WordPress コンテンツの EmDash へのインポート

この段階では、見た目の細部を先に直したくなる衝動に抗ってください。コンテンツモデルがまだ間違っていると、デザイン作業は高価なやり直しになります。

カスタムコンテンツ

WordPress サイトはしばしばデフォルトの PostPage モデルを超えて成長します。カスタム投稿タイプを使っている場合は、書式の問題ではなく移行中のスキーマの判断として扱ってください。

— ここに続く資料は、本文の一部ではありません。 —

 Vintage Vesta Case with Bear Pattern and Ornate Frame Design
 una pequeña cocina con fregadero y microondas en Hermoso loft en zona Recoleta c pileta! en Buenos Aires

EmDash では、独自の構造に値するコンテンツにはネイティブのコンテンツタイプを作るのがよいアプローチです。通常、次を見直します。

  • 標準の編集エントリのままにすべきコンテンツ
  • 別の EmDash コレクションにすべきコンテンツ
  • 本文に暗黙のままにせず明示的にモデル化すべきフィールド

移行の質はここで上下します。技術的には成功しても、あらゆるコンテンツ形状を汎用エントリに潰すと、弱い EmDash 実装になりがちです。

ブロックと独自レンダリング

カスタムブロックは意図的に扱ってください。旧サイトが独自の Gutenberg ブロック、ショートコード駆動のレイアウト、プラグイン固有のレンダリングに依存しているなら、フォローアップ作業を想定してください。

妥当なアプローチは次のとおりです。

  • まず根底のコンテンツをインポートする
  • 移行後も残すべきレンダリングパターンを特定する
  • EmDash ネイティブのツールとコンポーネントでそれらを再構築する

独自ブロックの挙動を再現する必要がある場合は、EmDash Block Kit Agent Skill が出発点になります。

実践チェックリスト

作業用の移行チェックリストとして使ってください。

  • WordPress で投稿、固定ページ、メディア、カスタム投稿タイプを監査する
  • WXR と EmDash Exporter プラグインのどちらがよいインポート経路か決める
  • 移行先の EmDash サイトを用意する
  • 最初のインポートを実行する
  • メディア転送とエントリの整合性を検証する
  • 必要に応じてネイティブの EmDash コンテンツタイプを作成する
  • 第二の実装パスが必要なカスタムレンダリングを特定する
  • ビジュアルパリティに着手する前にコンテンツ構造をレビューする

まだ計画が必要なこと

インポート経路がきれいでも、一部の移行作業はインポータの外に残ります。

  • リダイレクト
  • SEO パリティの確認
  • フィールドの整理
  • カスタムレンダリングのパリティ
  • ロールバックと公開の順序

インポートはコンテンツを EmDash に入れます。編集レビュー、スキーマの判断、公開の規律の必要性を消すわけではありません。